Technical

How Avalw Shield works: from camera frame to screen lock in 200ms

11 min readApril 2026By Avalw Team

Shield is not a webcam app. It is not recording video. It is not streaming to a server. It captures a single still frame every 500 milliseconds, runs on-device machine learning inference, and makes a decision in under 200ms. Here is exactly how every step works.

The camera capture pipeline

The first thing to understand is that Shield does not record video. Video is a continuous stream of frames, typically 30 or 60 per second, which is computationally expensive and completely unnecessary for presence detection.

Instead, Shield captures a single still frame every 500 milliseconds. That is two frames per second. This is enough to detect whether someone is present, whether they are looking at the screen, and whether anyone else is nearby. But it uses a fraction of the resources that video would require.

The capture cycle

At no point is the camera frame saved to disk, transmitted over a network, or retained in memory beyond the processing cycle. Each frame exists for approximately 40 milliseconds before being destroyed.

Why 500ms intervals?

Human movement is slow relative to computer processing. A person leaving their desk, turning their head, or approaching from behind takes hundreds of milliseconds at minimum. Sampling at 500ms intervals captures all meaningful movement changes while using 15 to 30 times less CPU than continuous video processing.

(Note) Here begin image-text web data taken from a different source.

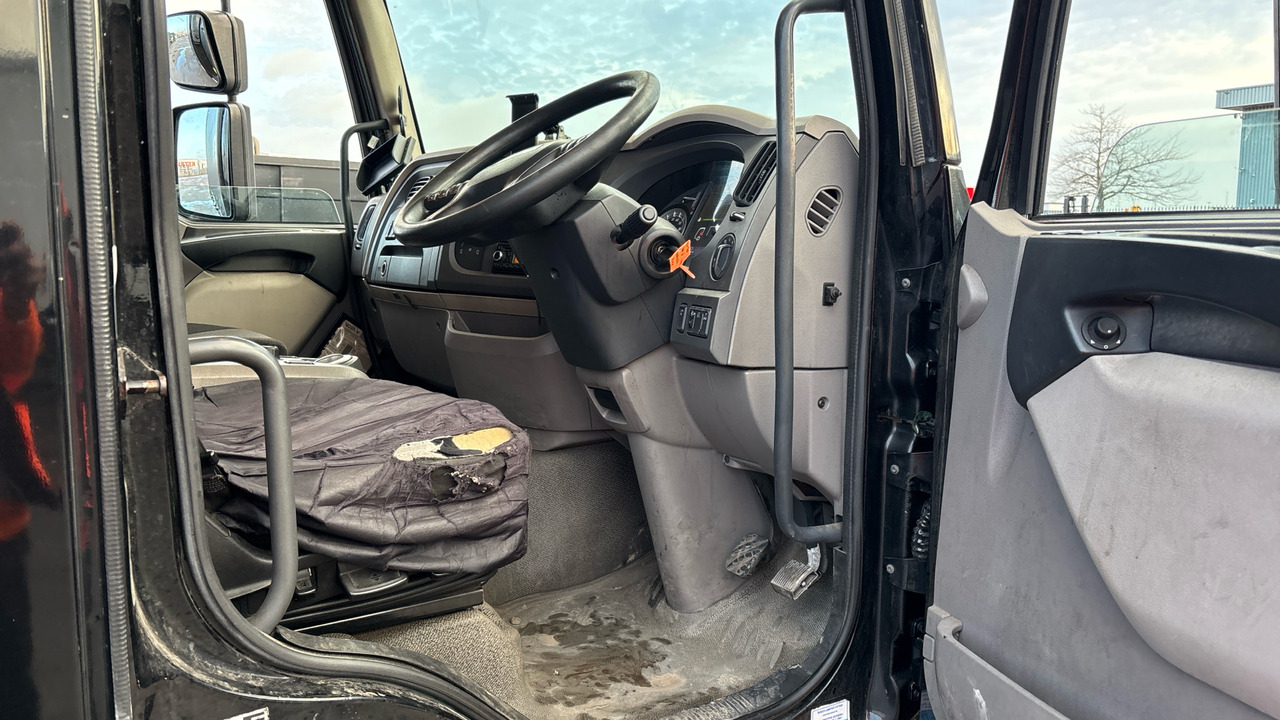 DAF LF 150 - Camion centinato: foto 5 DAF LF 150 - Camion centinato: foto 5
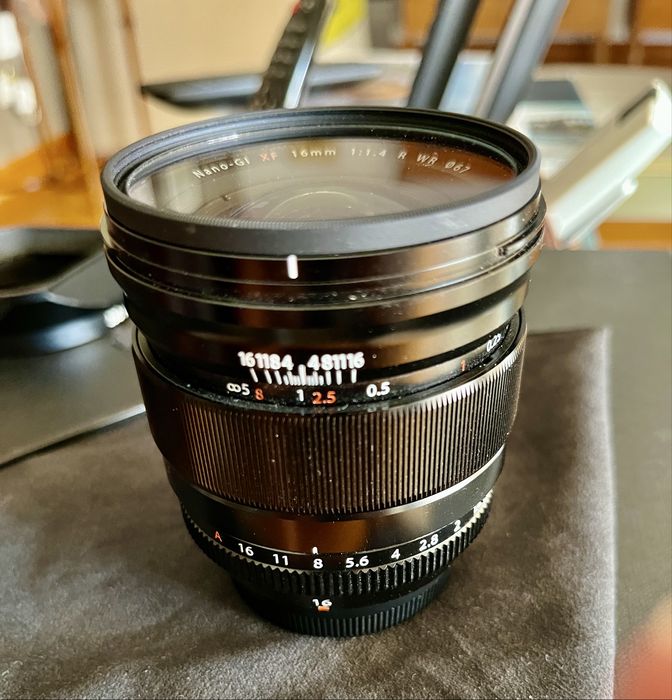 Lente Fujifilm XF 16mm 1.4 WR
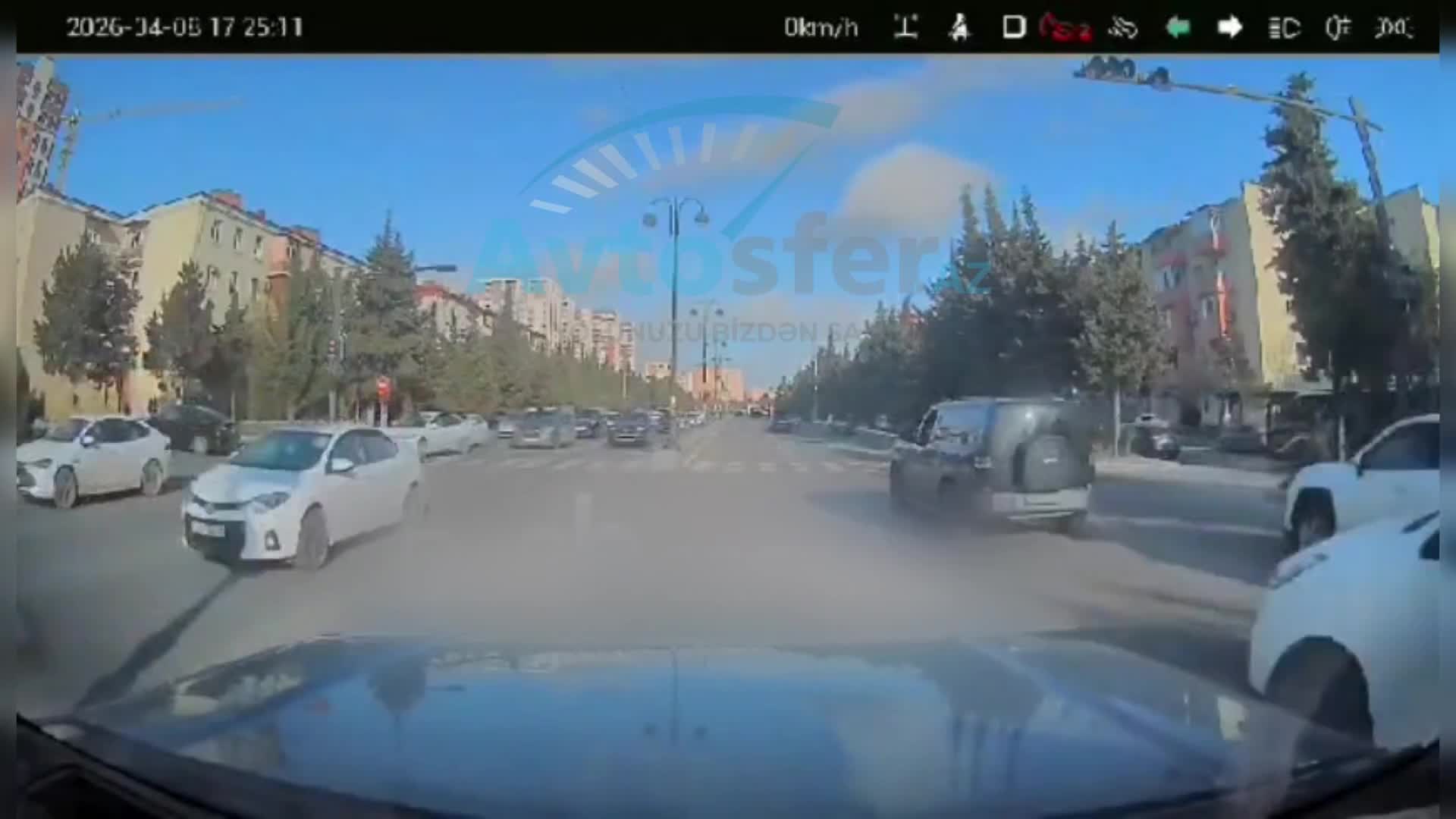 Qırmızı işıqda əks zolağa çıxan sürücü 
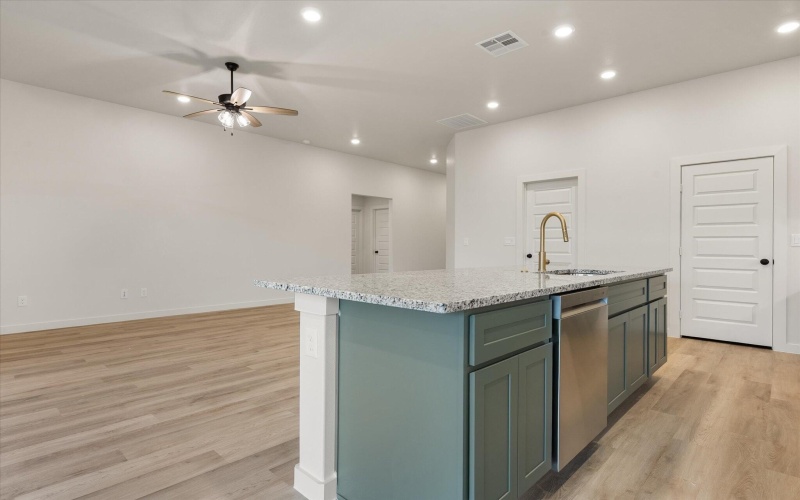 2001 Cottonwood Avenue, Wolfforth, TX 79382, 4 Bedrooms Bedrooms, ,2 BathroomsBathrooms,Residential,For Sale,2001 Cottonwood Avenue,0,202563796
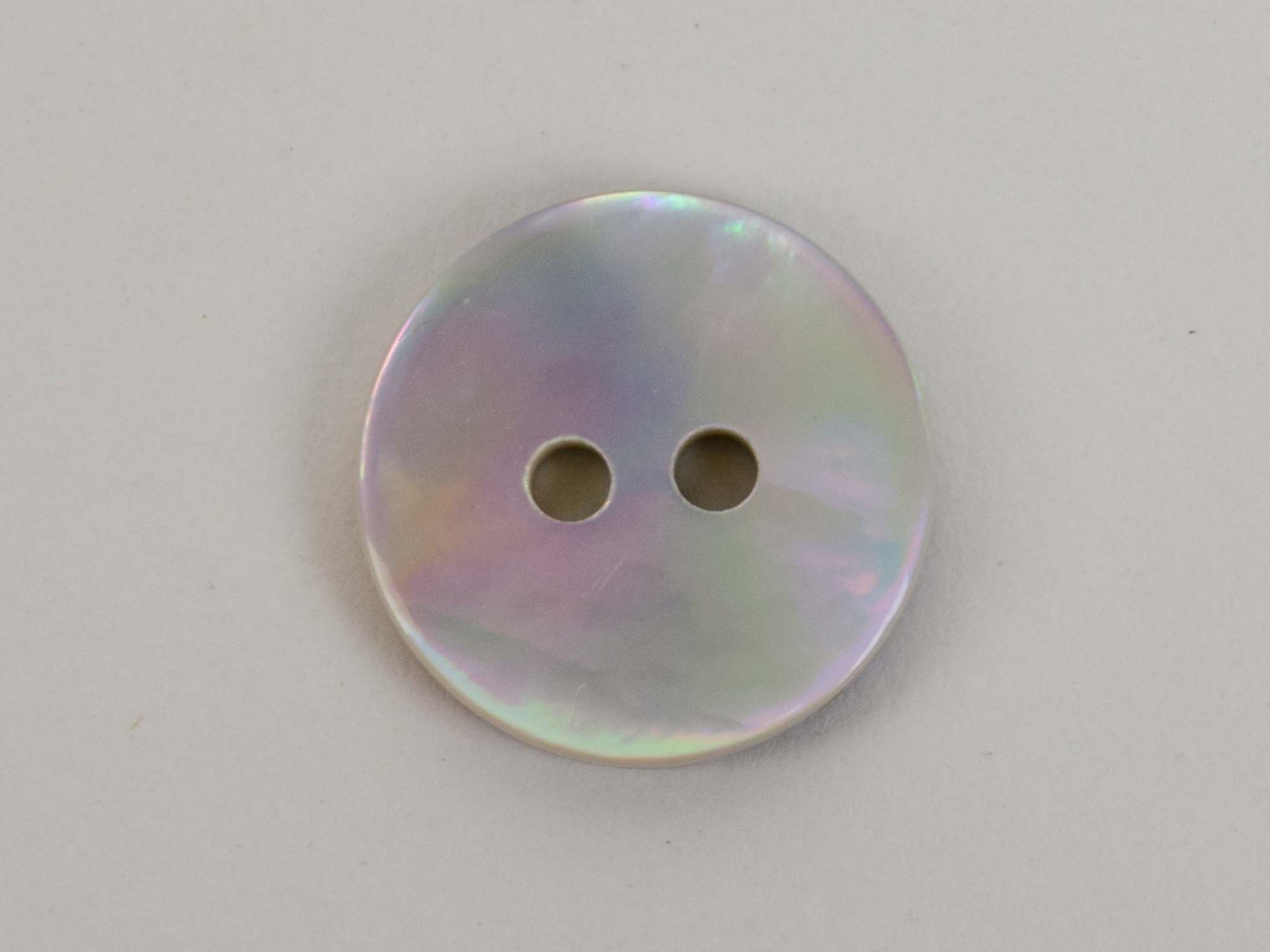 Pearly buttons blue iridescent finish 12mm a set of 20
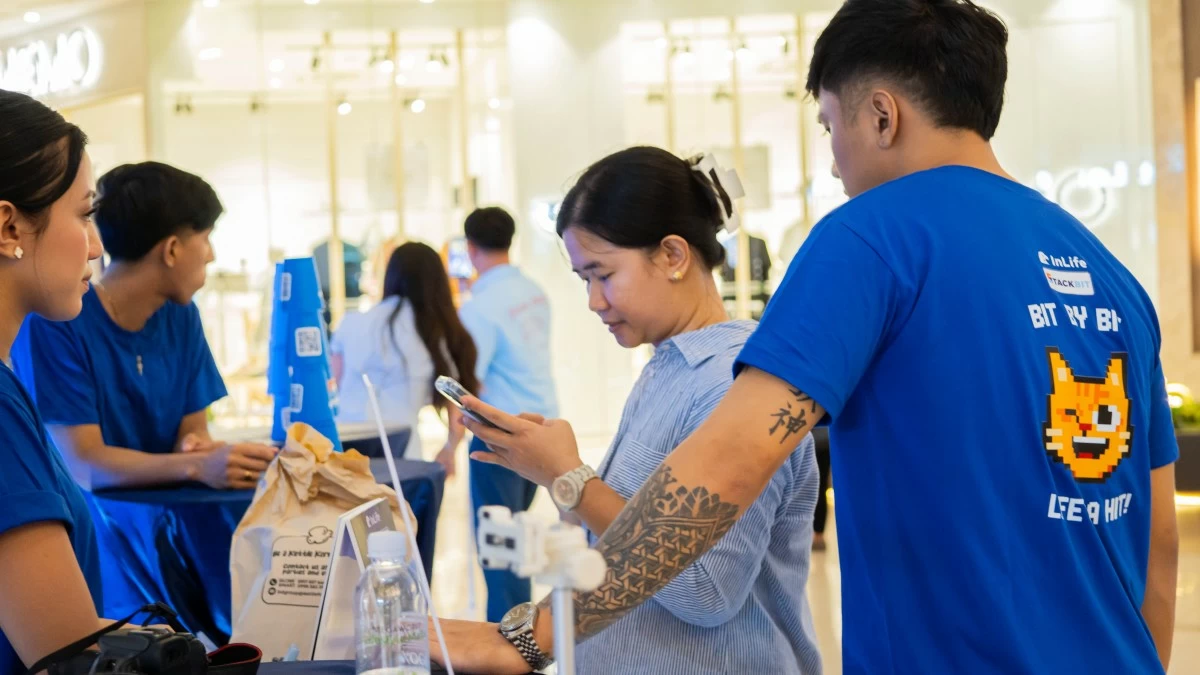 With the StackBit app, get insured within minutes. (Photos: InLife)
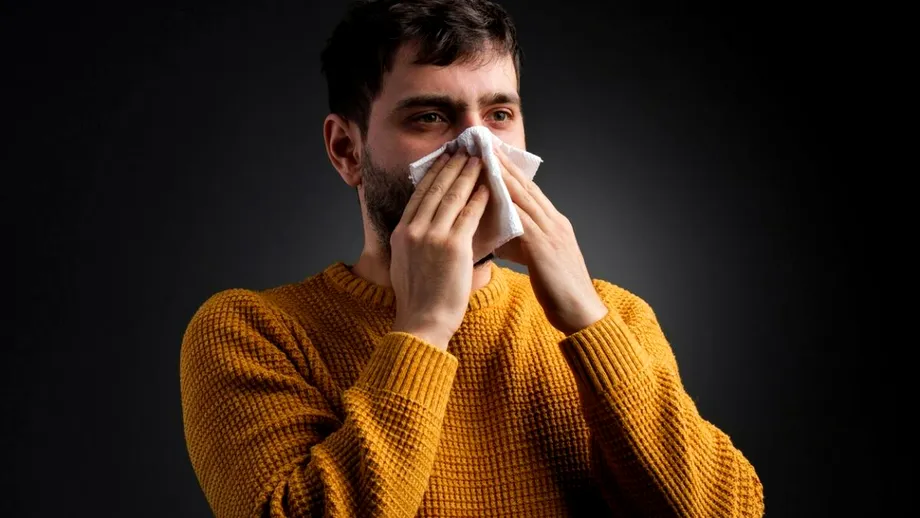 10 semne pe care le dă FLURONA. Cum te simți când ești infectat simultan cu gripă și COVID-19
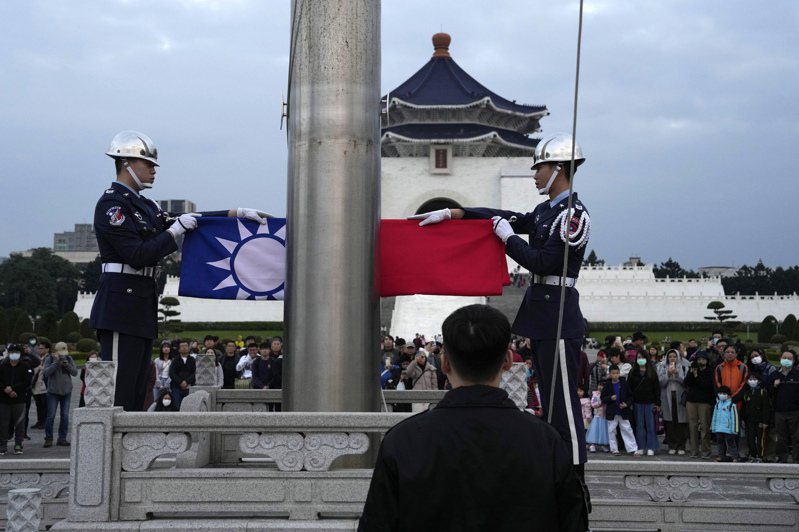 一名南韓記者表示台灣和大陸存在5處不同，另外，台灣年輕選民在這次選舉中，態度發生轉變。 圖／美聯社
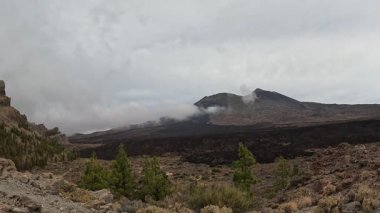 Tenerife Panorama manzarası, İspanya 'nın Kanarya Adaları' ndaki Tenerife Adası 'ndaki yürüyüş gezilerinden güzel doğa manzaralı dağlar.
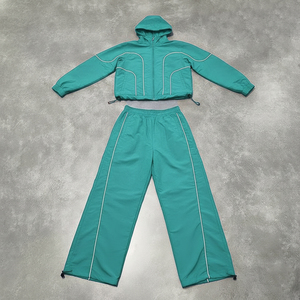 Conjuntos de Chándal de Dos Piezas Personalizados para Hombre: Sudadera con Capucha Cortavientos y Pantalones Cortos Estampados Estilo Urbano, Tallas Grandes - Product Image 5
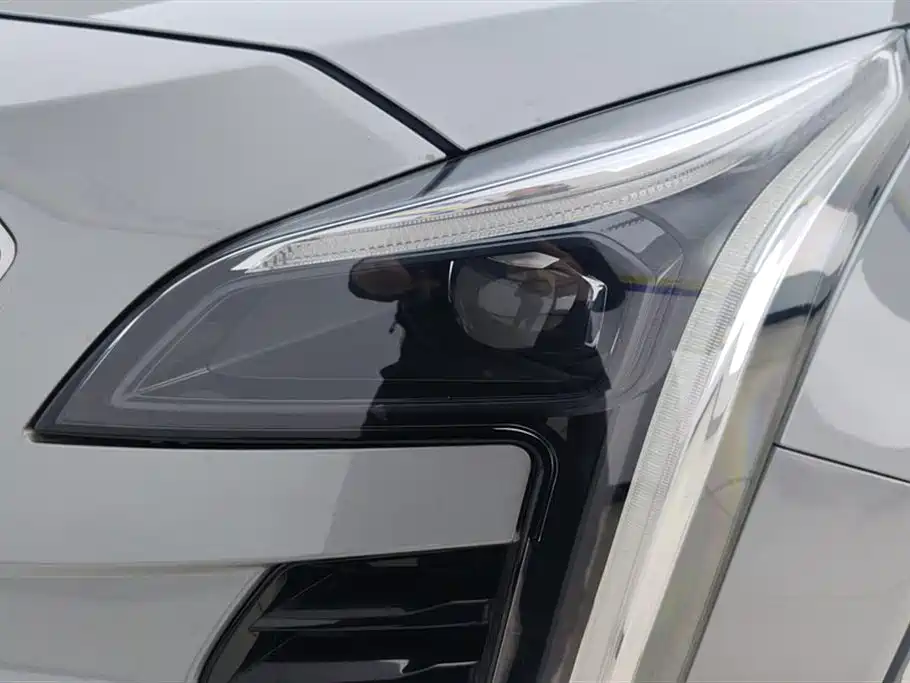 Cadillac XT4 28 T 2 WD Luxury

Face detection: on-device machine learning

Shield uses the operating system's built-in machine learning frameworks for face detection. On macOS, this is Apple's Vision framework. On Windows, this is Windows ML with DirectML acceleration.

These frameworks provide hardware-accelerated face detection that runs on the device's Neural Engine (Apple Silicon) or GPU (Windows). The key point is that the ML model is embedded in the operating system itself. Shield does not download a model, does not connect to a cloud AI service, and does not send frames anywhere for processing.

What the ML model returns

For each frame, the face detection model returns a structured result containing:

Shield uses a confidence threshold to filter out false positives. A reflection in a window, a face on a poster, or a pattern on a shirt that vaguely resembles a face will be detected with low confidence and ignored.

Presence tracking: are you there?

The simplest feature in Shield is also the most useful. Presence tracking answers one question: is the authorized user sitting in front of the screen?

How it works

When Shield starts, it begins capturing frames and detecting faces. If exactly one face is detected with high confidence, the user is considered present. If zero faces are detected across multiple consecutive frames, the user is considered away.

The state machine

Present vs. Away detection logic

Shield uses a simple state machine with hysteresis to prevent flickering. The transition from "present" to "away" requires multiple consecutive frames with no face detected (configurable via the lock delay setting). The transition from "away" to "present" is immediate upon face detection. This prevents the screen from locking every time you glance sideways or reach for your coffee.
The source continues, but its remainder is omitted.